I took notes while watching Cool as Ice, which is something I sometimes do. Usually I take notes when I’m watching Christian movies, so I’ll remember all the ridiculous things about them, but I thought that this was going to be a movie with loads of ridiculous things worth remembering. I was pretty much right, and I’m tempted to just copy down the notes that I have word for word.

So here’s what the movie is about. Vanilla Ice rides into town on his Kawasaki motorbike and falls in love with an uptown girl who has been living in her white-bread world. Said girl’s father is not happy with this arrangement, mostly because Vanilla keeps appearing to be a merciless gangster on accident. For instance, thugs leave a threatening note on the family’s porch – when Vanilla goes to see the one he adores, he delivers the note and it looks as though he was the one threatening the family!

Ah, but that plot is unimportant. What’s important is that this is a movie starring Vanilla Ice! I don’t think that you understand yet just how awesome that is. Here, take the opening sequence – literally five minutes of Vanilla Ice rapping about ‘taking’ women while dancing around and holding a spotlight. In the first real scene of the movie, Vanilla is walking through an alley or something with his posse of tough looking black guys. A girl stops Vanilla in order to give him her phone number… because he’s so unbelievably sexy and cool! Later on, when things start getting lame, the interminably suave Vanilla Ice (wearing black leather jacket and shades) announces that he’s going to go “across the street to, uh, schling a schlong.” This is after he races a horse on his Kawasaki motorbike and jumps a fence without any sort of springboard.

I’ll admit that I had some trouble deciding whether or not the ridiculous aspects of the movie were intentional. There is an accident and one of Vanilla’s pals has to go to a wacky mechanic to fix his bike. I say “wacky mechanic” because the couple who were entrusted to correct the vehicle’s problems acted a lot like Miracle Max and his wife from The Princess Bride. Also, they lived in a colorful house that could have come straight out of the world of Pee-Wee Herman. None of the characters seem at all surprised by the fact that the walls are painted with random words, that there are giant salt shakers and blue eggs, etc. One member of Vanilla’s posse happily creates a pickles & sardine & peanut butter & pineapple sandwich. It almost seems trippy enough to be honestly semi-surreal.

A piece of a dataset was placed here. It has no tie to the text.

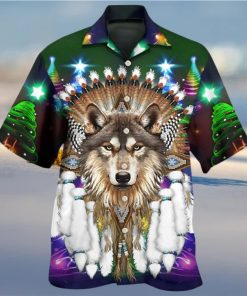 Native Wolf And Merry Christma 3D Hawaii Shirt All Over Print Us Size Best Price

But then Vanilla is at the school prom, turning a bunch of geeks into hip-hoppers, and it feels like the movie is blissfully ignorant of how absurd this all is. It’s difficult not to assume that Vanilla Ice is speaking from the heart when he refers to himself as a genius and proceeds to beat up six guys who were attacking him with a series of karate chops. There’s no attempt at a wink and a nod to let the audience know that, hey, the filmmakers are in on the joke and hey, we’re just trying to have some fun and do something different. No, as far as I can tell, we’re intended to take the movie seriously and to actually care about how the story turns out. Will Vanilla Ice get the girl, or will the mob get him first? Does it even matter?

I did like the way the film ended; or rather, the way that the kerfuffle with the girl’s dad and our hero Vanilla ended. It wasn’t groundbreaking or anything, but I was surprised to see that Vanilla’s character actually had some motivations beyond just being the star of a movie called Cool as Ice.

All in all, it’s pretty funny and probably better with friends. Not absolutely horrible, really, which is a shame because that would have made it even more enjoyable. Cool as Ice is mainly just weird and, of course, stars Vanilla Ice. What more do you really need?